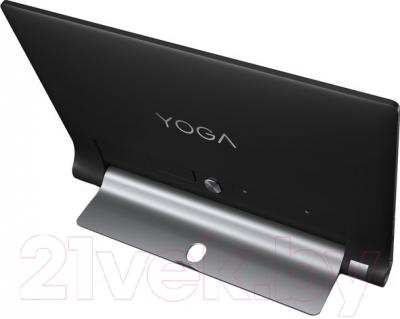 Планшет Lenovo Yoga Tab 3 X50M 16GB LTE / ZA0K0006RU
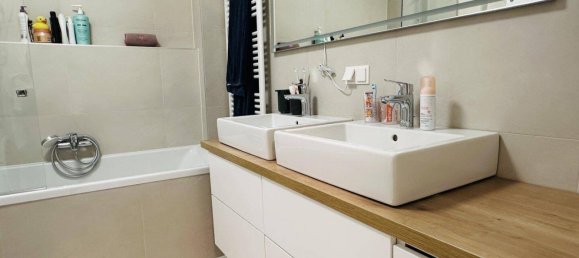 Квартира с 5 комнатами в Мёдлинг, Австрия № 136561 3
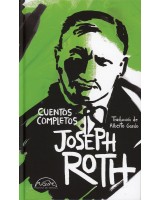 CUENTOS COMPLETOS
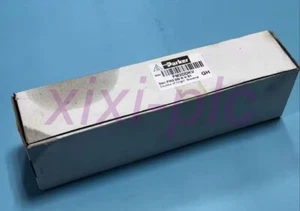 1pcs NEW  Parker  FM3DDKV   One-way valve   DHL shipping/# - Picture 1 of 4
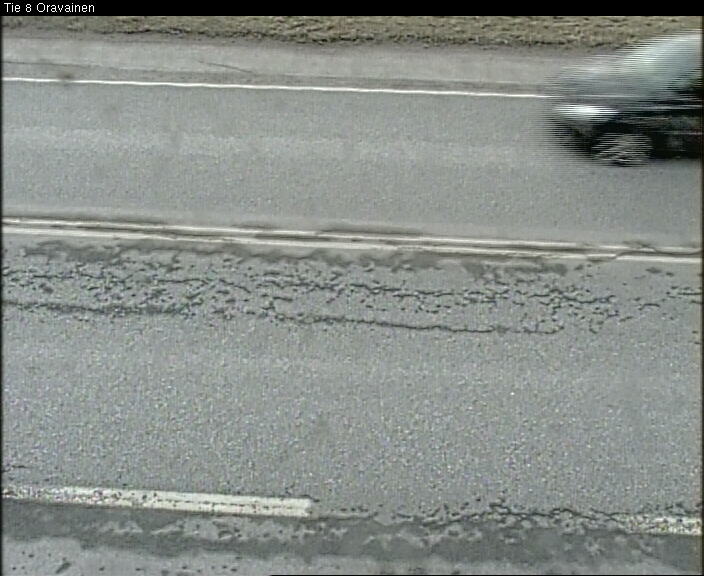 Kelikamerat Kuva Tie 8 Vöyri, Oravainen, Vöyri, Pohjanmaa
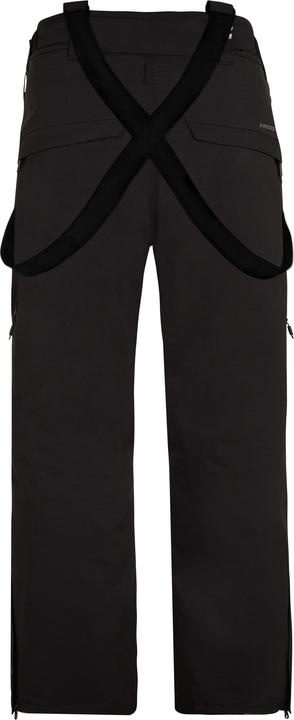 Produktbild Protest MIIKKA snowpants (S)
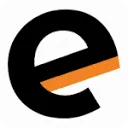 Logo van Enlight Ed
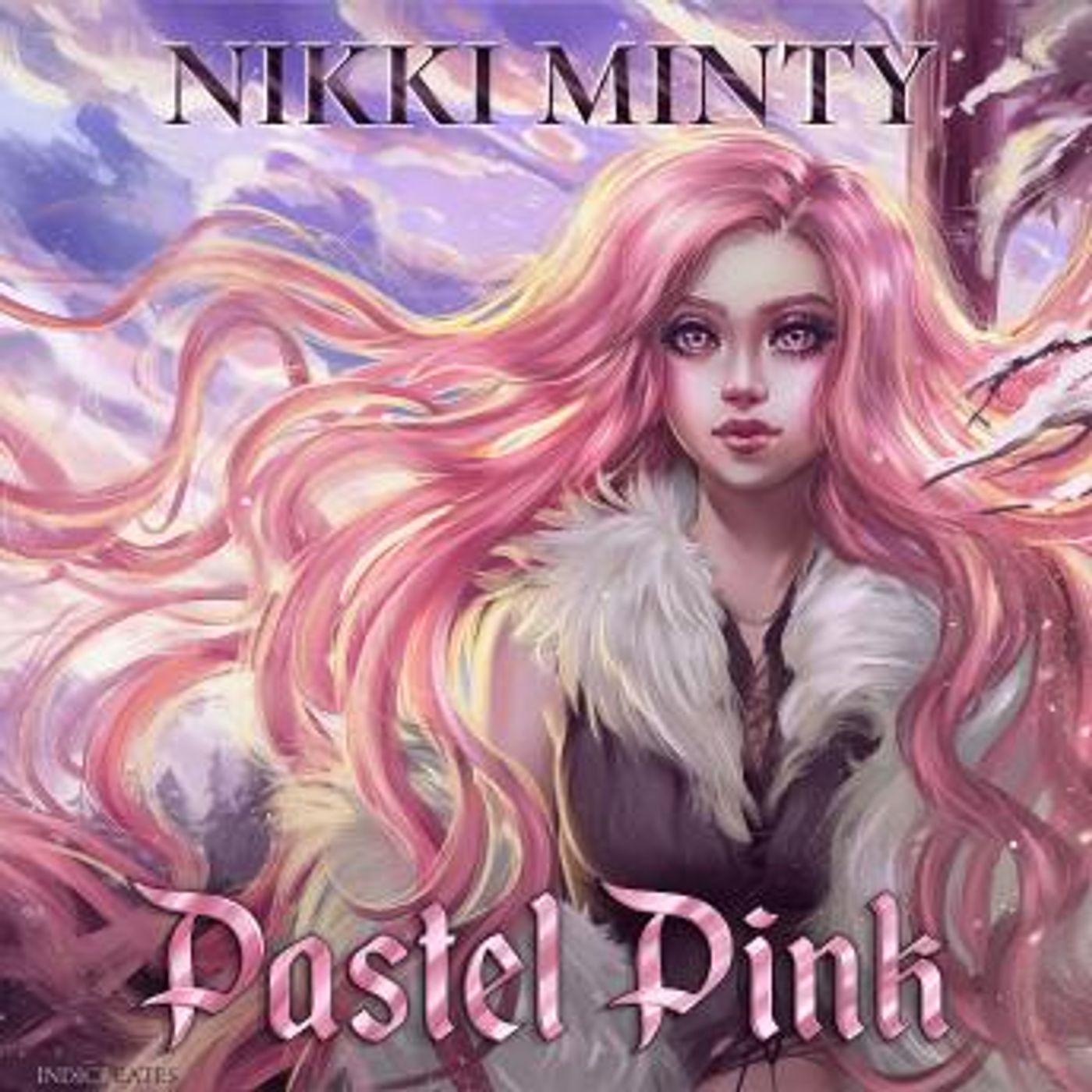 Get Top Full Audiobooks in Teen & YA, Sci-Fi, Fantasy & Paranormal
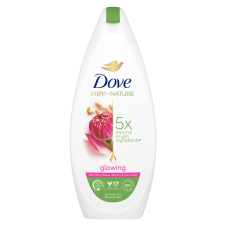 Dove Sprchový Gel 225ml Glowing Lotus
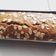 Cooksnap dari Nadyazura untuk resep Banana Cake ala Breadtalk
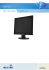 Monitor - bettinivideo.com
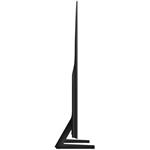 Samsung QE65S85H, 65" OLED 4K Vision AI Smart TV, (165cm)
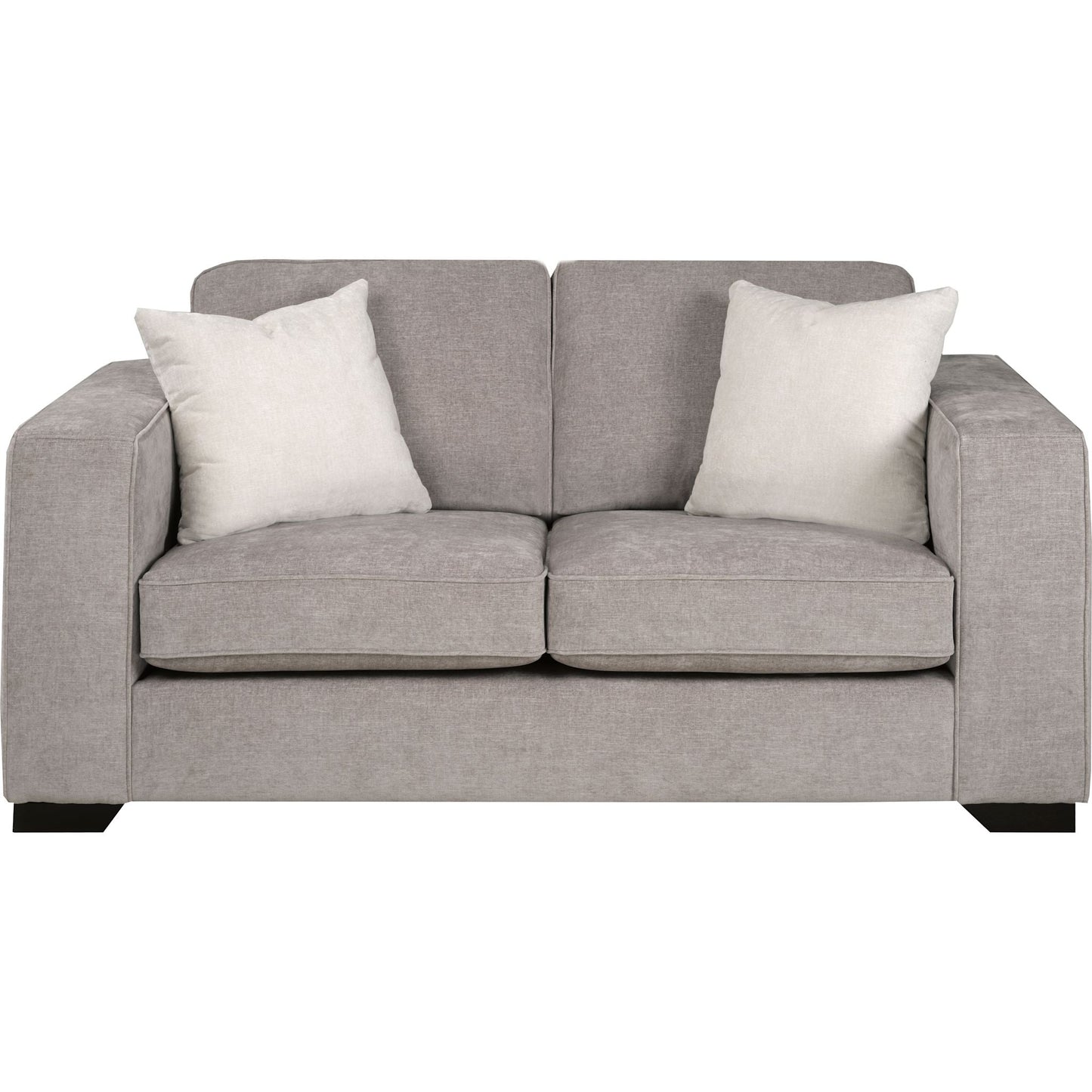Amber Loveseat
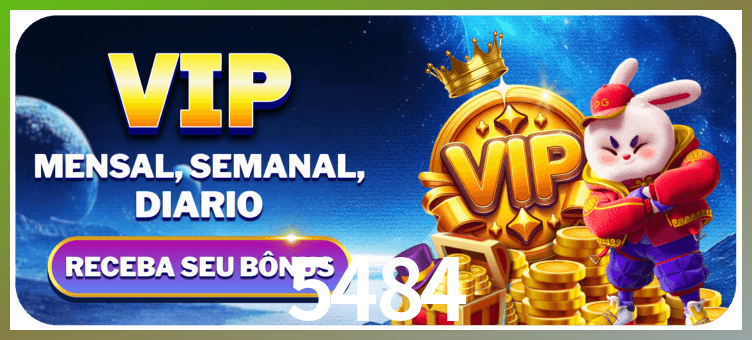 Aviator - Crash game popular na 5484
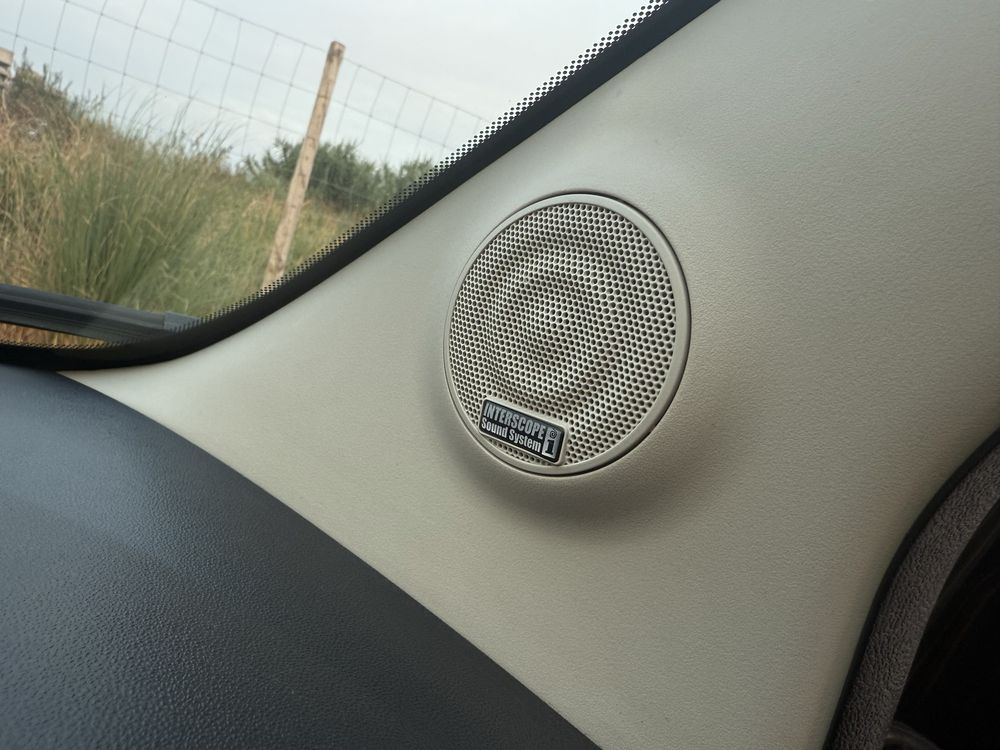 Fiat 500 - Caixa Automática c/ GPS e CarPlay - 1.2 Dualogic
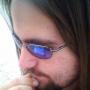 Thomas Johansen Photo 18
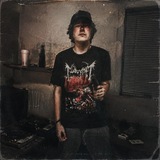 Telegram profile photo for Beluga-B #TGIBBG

*-*-*

Work order
Take the preceding listing and transcribe it exactly, skipping the pictures.

Written answer
 Планшет Lenovo Yoga Tab 3 X50M 16GB LTE / ZA0K0006RU
 Квартира с 5 комнатами в Мёдлинг, Австрия № 136561 3
 CUENTOS COMPLETOS
 1pcs NEW  Parker  FM3DDKV   One-way valve   DHL shipping/# - Picture 1 of 4
 Kelikamerat Kuva Tie 8 Vöyri, Oravainen, Vöyri, Pohjanmaa
 Produktbild Protest MIIKKA snowpants (S)
 Logo van Enlight Ed
 Get Top Full Audiobooks in Teen & YA, Sci-Fi, Fantasy & Paranormal
 Dove Sprchový Gel 225ml Glowing Lotus
 Cooksnap dari Nadyazura untuk resep Banana Cake ala Breadtalk
 Monitor - bettinivideo.com
 Samsung QE65S85H, 65" OLED 4K Vision AI Smart TV, (165cm)
Amber Loveseat
 Aviator - Crash game popular na 5484
 Fiat 500 - Caixa Automática c/ GPS e CarPlay - 1.2 Dualogic
 Thomas Johansen Photo 18
 Telegram profile photo for Beluga-B #TGIBBG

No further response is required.